Exercise aim:
Among the records below, find the line that has "Aboriginal Tourism Figure"; from there, give the lines again exactly, and stop after the line that has "Kentucky basketball loses".
─── Records to use
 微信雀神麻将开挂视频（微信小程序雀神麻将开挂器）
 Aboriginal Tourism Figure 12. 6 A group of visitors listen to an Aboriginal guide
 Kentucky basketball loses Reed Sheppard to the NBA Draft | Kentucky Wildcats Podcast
──────
─── Records to use
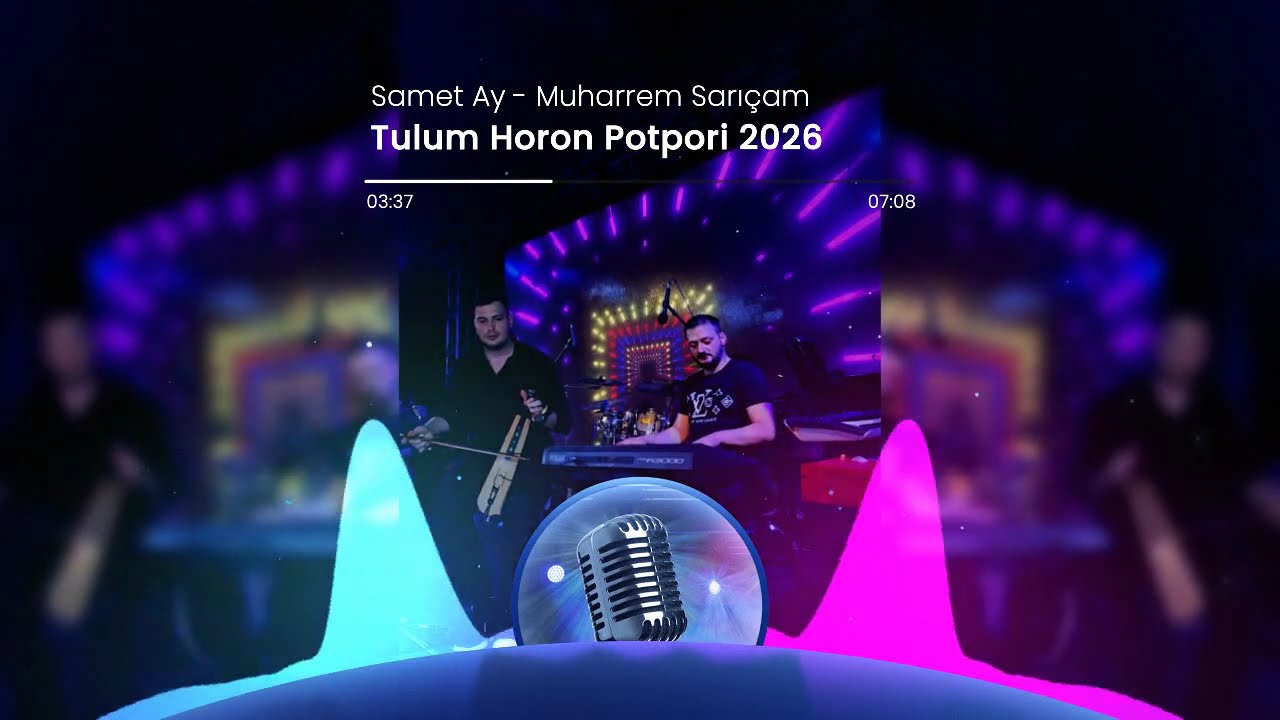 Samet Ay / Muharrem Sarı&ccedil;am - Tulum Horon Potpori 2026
──────
Task output:
 Aboriginal Tourism Figure 12. 6 A group of visitors listen to an Aboriginal guide
 Kentucky basketball loses Reed Sheppard to the NBA Draft | Kentucky Wildcats Podcast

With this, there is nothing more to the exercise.